Amalia Mancini autrice e nipote dell’avvocato Vespaziani, illustrando il libro

” Il volume racchiude la storia della collaborazione tra l’avvocato Giovanni Vespaziani e il magistrato Giovanni Falcone. Prima di essere una storia è un viaggio nei valori imprenscindibili del coraggio, della ricerca della verità, valori che Falcone e anche Borsellino ci hanno trasmesso e che il libro tenta di trasmettere. Giovanni Vespaziani, novantaquattro anni a maggio 2025, nato in un piccolo borgo della Provincia di Rieti, a Castel di Tora immerso nel meraviglioso lago del Turano, in una famiglia numerosa e povera di contadini, quintogenito di otto figli, vuole studiare e ce la mette tutta. Si iscrive alla Facoltà di Giurisprudenza, si laurea con il massimo dei voti. Consegue l’abilitazione di avvocato per esame e non per anzianità. Nel 1978 con sua moglie avvocato, Elena Fiordeponti, apre uno studio legale associato che si occupa prevalentemente della confisca e del sequestro dei beni di indiziati o condannati per associazione mafiosa. Vespaziani è stato anche sindaco illuminato del suo borgo natio di Castel di Tora, per 26 anni e dal 2005 è Sindaco emerito. Amico fraterno di don Pierino Gelmini fondatore di 250 comunità incontro in tutto il mondo, con sede madre ad Amelia. A Castel di Tora, Vespaziani ha costituito una comunità per ragazzi tossicodipendenti; ed è co-fondatore dell’Associazione I borghi più belli d’Italia”

Di grande interesse il racconto di Amalia Mancini sulla telefonata ricevuta dall’avvocato Vespaziani in una calda giornata estiva del 1988, una telefonata che mai avrebbe potuto immaginare di ricevere, da parte del magistrato Giovanni Falcone, impegnato nella lotta a Palermo contro la mafia, contro Cosa Nostra in Sicilia.

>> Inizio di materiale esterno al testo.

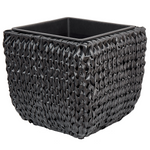 Set mit 2 Blumentöpfen BERBERIS PE Rattan 34/45 cm Schwarz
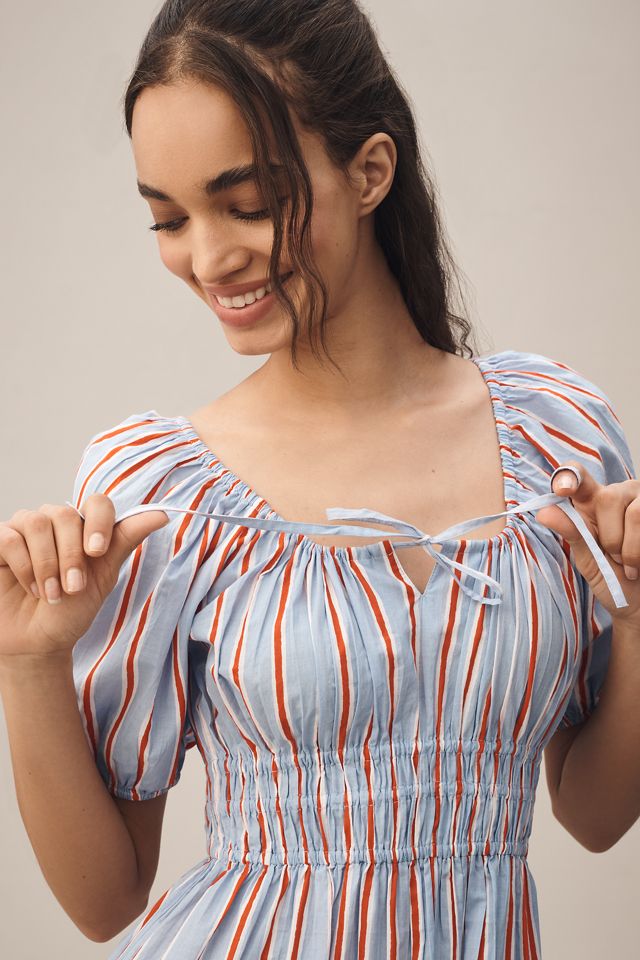 Pink City Prints Katie Sweetheart Tiered Midi Dress #1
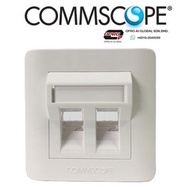 [2 GANG] Commscope AMP® Ori Faceplate 45Degree Angle RJ45 RJ11 CAT 3 / CAT 5e / CAT 6 / CAT 6A / CAT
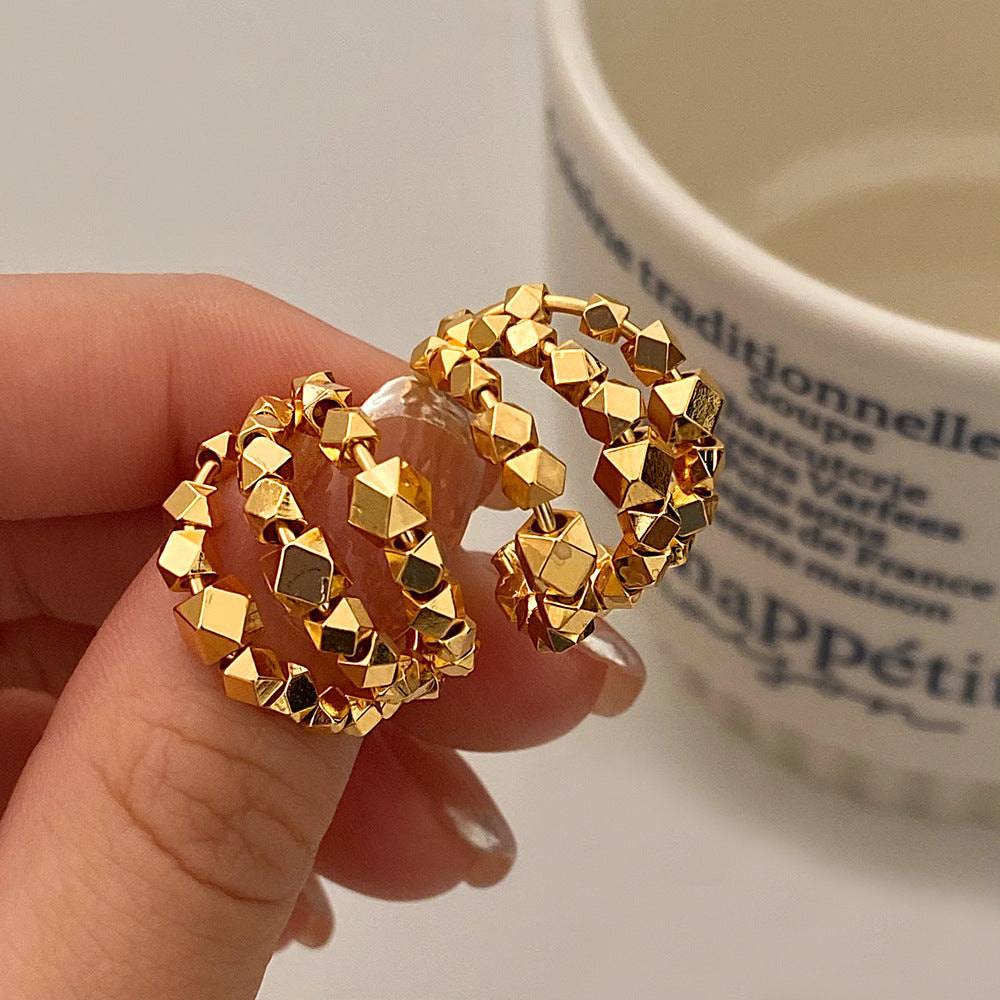 Tri style Metal Ball Circular Gold Hoop Earrings JLT12717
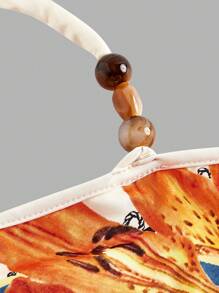 SHEIN MOD Plus Size Women Retro Floral Print Fitted Asymmetrical Open Shoulder Top, Faux Pearl Decor, Romantic Gothic Aesthetic, Hawaiian Style Vacation Wear, Y2K Vintage, Hippie, Western, Summer,Bohemian Halter Neck Top - Apricot - View 3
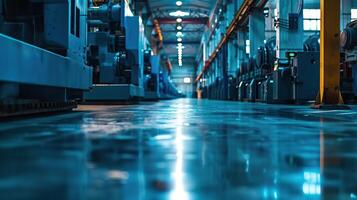 Empty factory floor with idle machinery during a shutdown from front view Silent blue steel machines waiting for operation photo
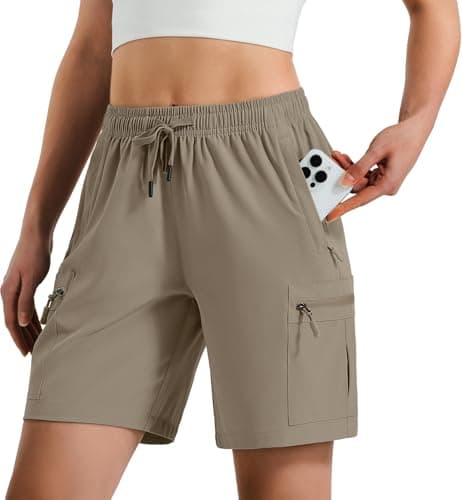 Hugut Women's Lightweight Hiking Cargo Shorts Quick Dry Athletic Shorts Camping Travel Golf Zipper Pockets Water Resistant Dark Khaki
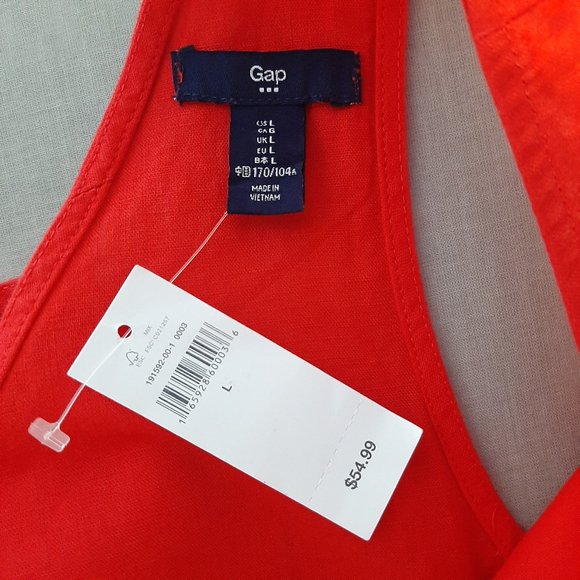 Gap Linen Blend Red Dress w/Cutout Back - Picture 10 of 12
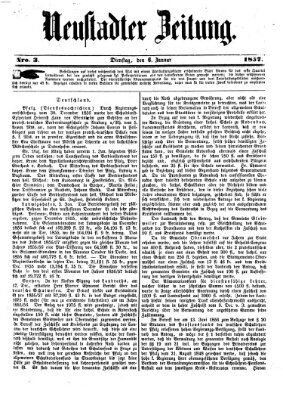 Neustadter Zeitung Dienstag 6. Januar 1857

Una richiesta di accoglimento dell’incarico per la difesa di un pentito di mafia nei vari interrogatori che si svolgevano nei tribunali d’Italia, da Milano a Palermo, ma perlopiù presso il Carcere di Santa Scolastica di Rieti, dove il pentito era rinchiuso dopo un arresto. Sarà soltanto alla fine della telefonata la rivelazione del nome.  Antonino Calderone. Questi interrogatori si svolgevano alla presenza dello stesso giudice Giovanni Falcone e talvolta anche di Paolo Borsellino. Calderone, conosce i particolari di moltissime vicende,ed entra in scena nella seconda fase del dibattimento giudiziario con Tommaso Buscetta collaboratore di giustizia. Ricche e dettagliate appariranno le informazioni riferite da Antonino Calderone contro i boss di Cosa Nostra e lo stesso Tommaso Buscetta. Informazioni al centro di deposizioni racchiuse in 867 pagine.

Calderone induce all’arresto di circa trecento capi mafia, e traccia la definizione dell’uomo d’onore. Sottolinea Amalia Mancini.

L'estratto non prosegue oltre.